NBA: Summer League-Boston Celtics at Los Angeles Lakers Joe Camporeale-USA TODAY Sports

Boston Celtics head coach Brad Stevens shared his thoughts on the team’s Summer League performance yesterday. He emphasized the importance of viewing Summer League play as a distinct experience from regular and postseason NBA basketball, noting that there will be a transition in roles for those players that make it from the Summer League team onto the official roster.

“Summer League’s great,” he said. “You get a chance to do things. You get the ball in crunch time, and all those other things, but you know some of those roles are going to be much different once the season really starts.”

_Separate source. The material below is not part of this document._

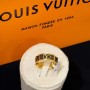خاتم ماركة لويس فايتون بدون ملحقات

Such is the reality of nearly every young player. Acclimating to the NBA is a difficult process, one that almost always means carving out a niche that fits a player’s primary talents, as he develops the ancillary skills and athleticism needed to take on a more central role.

Stevens, based on his comments, seems abundantly aware of this, but he has found a sense of optimism in the potential for immediate contribution from one of his rookies in a somewhat unlikely place—second-round pick Semi Ojeleye.

“I think what he’s doing translates,” Stevens said while speaking of Ojeleye. “His flexibility defensively is going to be enormous. I think that he will compete to be one of our better defenders right out the gate.”

That’s meaningful praise from a coach that is happy to wait for his younger players to earn their time on the court. Perhaps Ojeleye’s effectiveness shouldn’t come as a surprise. He’s an uber athlete, built like a Mack truck. At age 22, he’s considered old for a rookie, and he has had more time to develop both his body and his game than many of his peers.

He’s shown he’s stout enough to defend in the post, quick enough to defend on the perimeter, and a good enough shooter to make life a major pain for big men tasked with defending him. If those skills do in fact translate against NBA-level competition, then the Celtics may have found themselves something of a second-round diamond in the rough.

It’s probably a little to early to count on Ojeleye to be a substantial cog in the rotation just yet, but that Brad Stevens, a man not prone to hyperbole, believes he could be ready to play from day one is certainly encouraging.